• YOUR GOAL: Images should be left out, and everything else in the listing reproduced exactly.

• EXERCISE DATA:

======

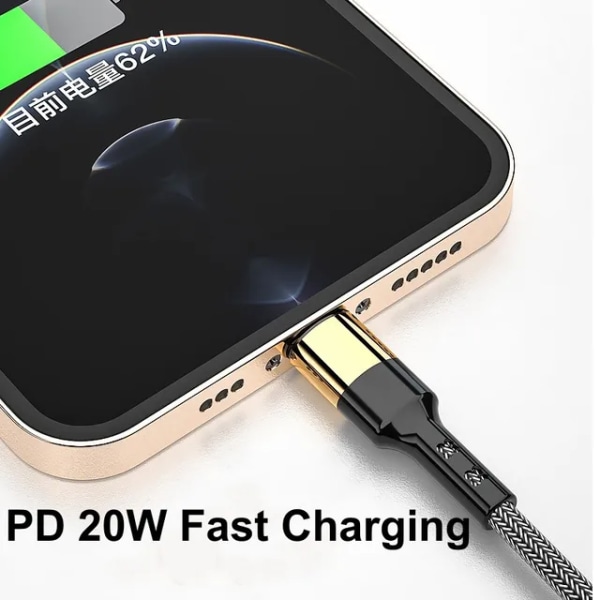 2 Meter + USB-adapter 20W USB-C lightning-kabel Laddare 1st Adapter - 1st Sladd
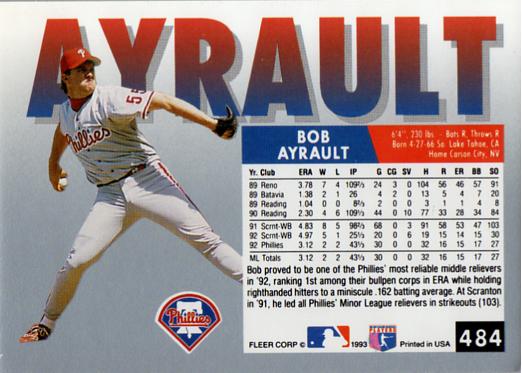 Bob Ayrault  baseball card collectible - Main Image 2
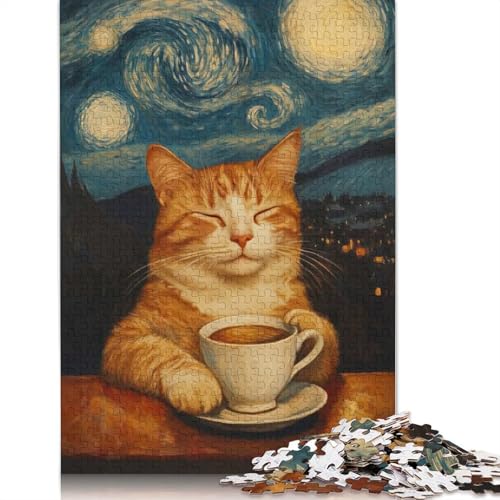 Katze in der Sternennacht, Puzzle für Erwachsene, 1000 Teile, Papierpuzzles für Jugendliche ab 12 Jahren, 1000 Teile (75 x 50 cm) von QASEYIPV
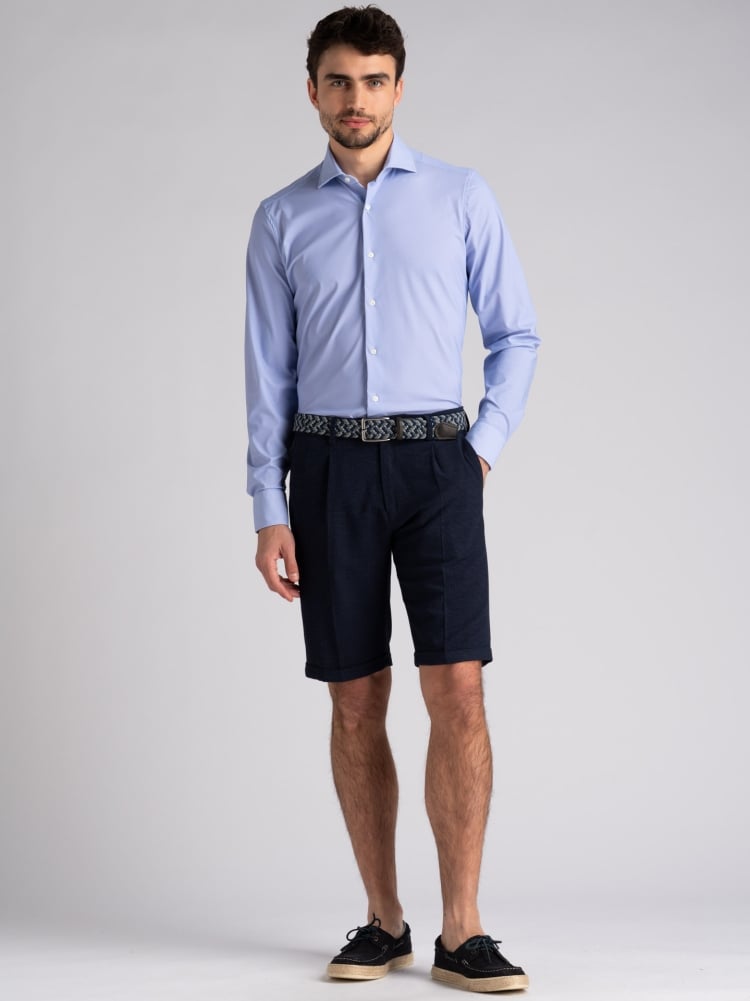 Camicia uomo TECNO azzurra giro inglese
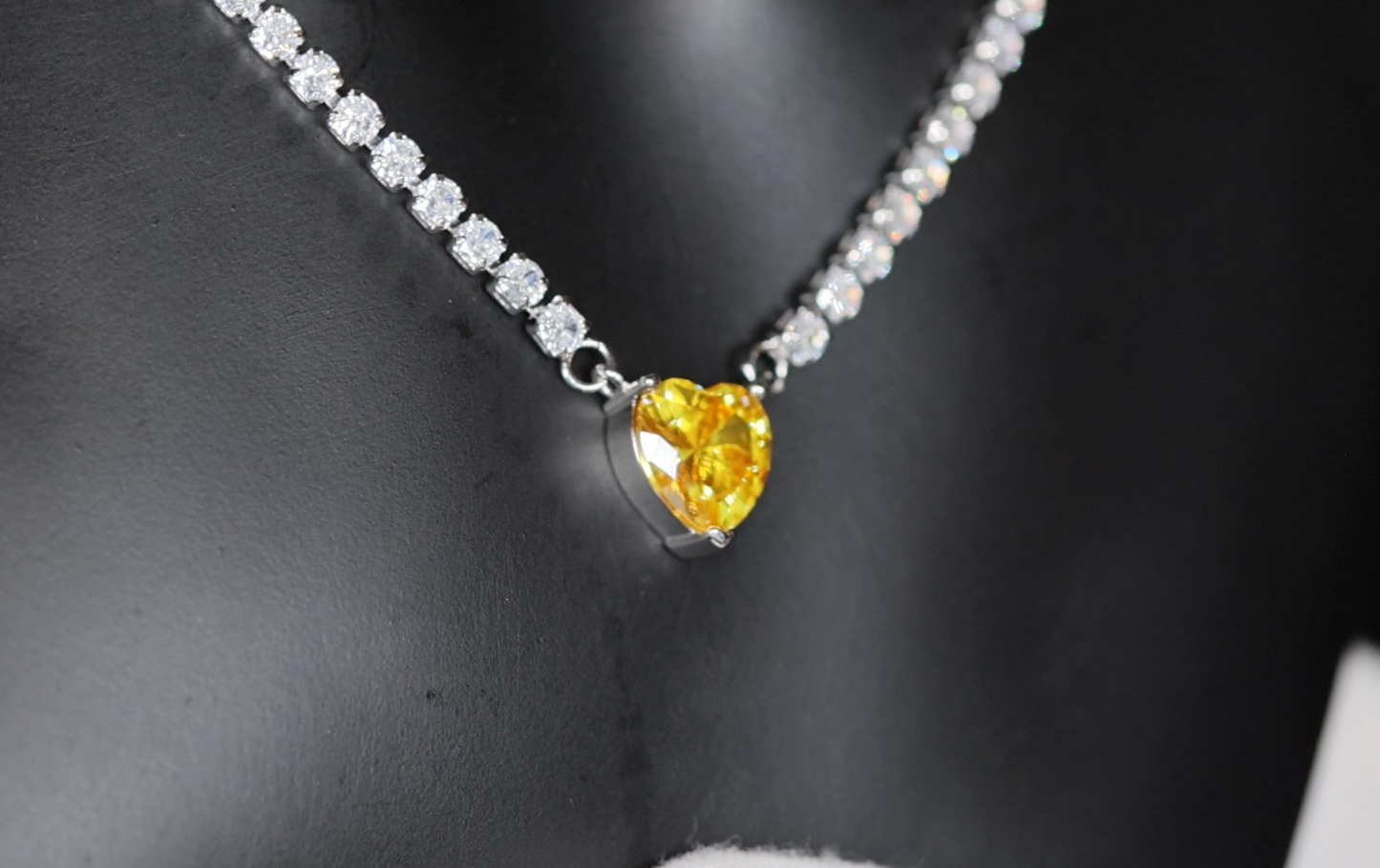 Yellow Diamond Heart Necklace | Heart Necklace with Diamonds | Diamond Heart Pendant  | Yellow Diamond Necklace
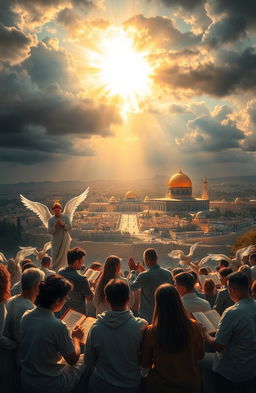 A conceptual representation of Christian eschatology inspired by biblical texts, illustrating a unique interpretation of the second coming of Christ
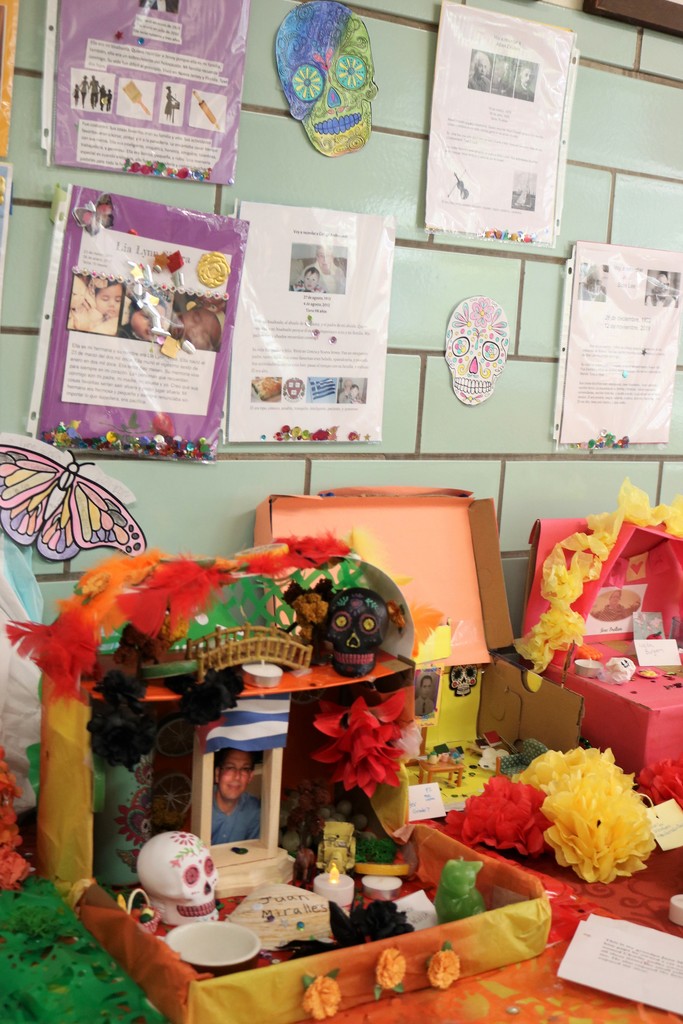 Colorful student-created display at Edison Intermediate School marking Dia de los Muertos, or Day of the Dead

======

• RESULT:
 2 Meter + USB-adapter 20W USB-C lightning-kabel Laddare 1st Adapter - 1st Sladd
 Bob Ayrault  baseball card collectible - Main Image 2
 Katze in der Sternennacht, Puzzle für Erwachsene, 1000 Teile, Papierpuzzles für Jugendliche ab 12 Jahren, 1000 Teile (75 x 50 cm) von QASEYIPV
 Camicia uomo TECNO azzurra giro inglese
 Yellow Diamond Heart Necklace | Heart Necklace with Diamonds | Diamond Heart Pendant  | Yellow Diamond Necklace
 A conceptual representation of Christian eschatology inspired by biblical texts, illustrating a unique interpretation of the second coming of Christ
 Colorful student-created display at Edison Intermediate School marking Dia de los Muertos, or Day of the Dead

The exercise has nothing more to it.